Four years ago, Karen Peterson received a life-altering diagnosis of stage I triple-negative breast cancer—the most aggressive type. The news brought a rough year of treatment that began with a lumpectomy and ended with a double mastectomy.
Hedging on the one-in-four chance that her cancer might return, Karen resolved to learn everything she could about it. A single mom with a nonverbal autistic adult son and a background in television production and social work, she began reading, googling, and speaking to nutritionists, yoga teachers, patient navigators, scientists—“anyone with a relationship to cancer,” she recalls.
So when she saw the scan showing metastatic tumors throughout her body 2 years later, Karen understood what she faced: a survival expectancy of 18 to 24 months. “I thought, ‘Okay, you’ve been preparing for this moment, even if you didn’t know it would come.’”
Her oncologist recommended sticking with chemotherapy, the only accepted treatment at the time for triple-negative breast cancer. But Karen’s awful experience with the side effects of chemotherapy made her vow never to undergo it again. What’s more, she knew from her extensive research that another round of chemotherapy could diminish her odds of qualifying for a clinical trial.
Scouring government and medical center websites for alternatives, she spotted an intriguing clinical trial for breast cancer on the website for Perlmutter Cancer Center at NYU Langone Health. It involved immunotherapy, an emerging class of drugs that trains the body’s own immune system to kill off cancer cells. Immunotherapy works only in a minority of cancer patients, and it can cause intense side effects, but in the past five years, it has emerged as one of the only therapies to rein in advanced cancers.

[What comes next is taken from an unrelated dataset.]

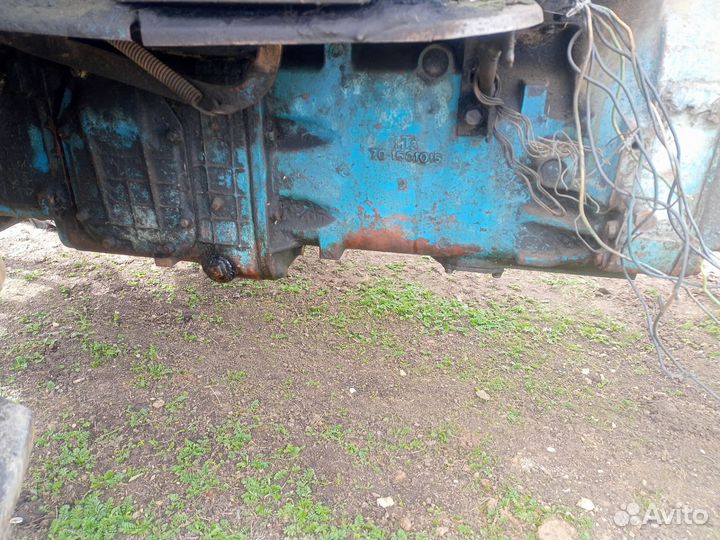 Трактор МТЗ (Беларус) 50, 1975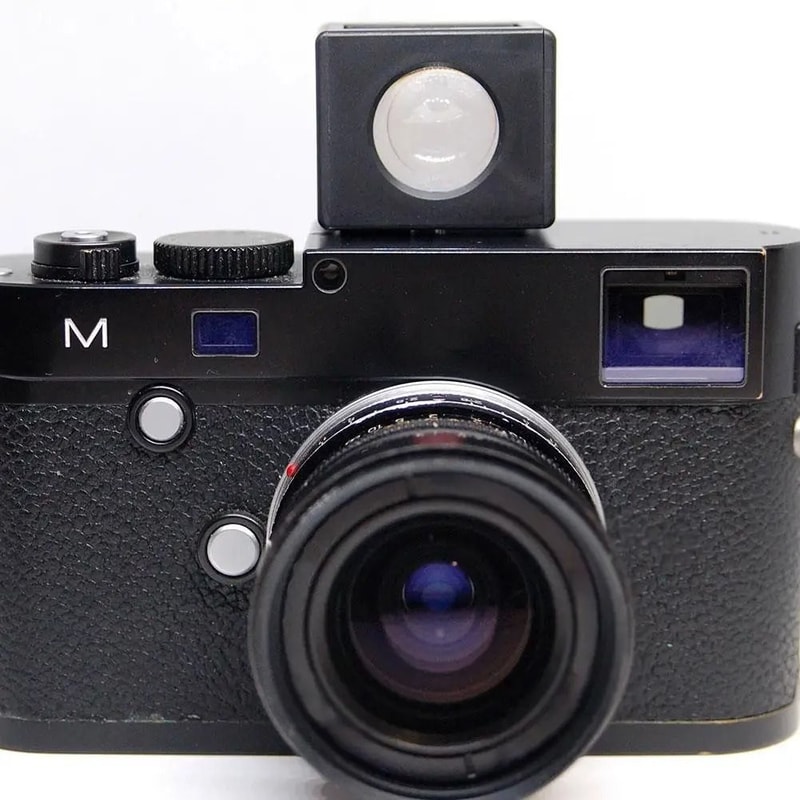 Optical WaistLevel Viewfinder For Framing 1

Karen thought she might qualify for the trial, so she mailed her test results to its principal investigator, oncologist Daniel C. Cho, MD, associate professor of medicine and director of Perlmutter Cancer Center’s Phase 1 Drug Development Program, which runs roughly 30 clinical trials to evaluate the safety and promise of new cancer therapies. “Dr. Cho called me himself, which surprised me,” Karen recalls. “It wasn’t the nurse or coordinator. He told me I couldn’t get into that trial, but there was another immunotherapy trial coming down the pipeline, and he asked if I would be interested. Wow! It felt like getting into Harvard. When it comes to clinical trials, there are only so many slots and many exclusions.”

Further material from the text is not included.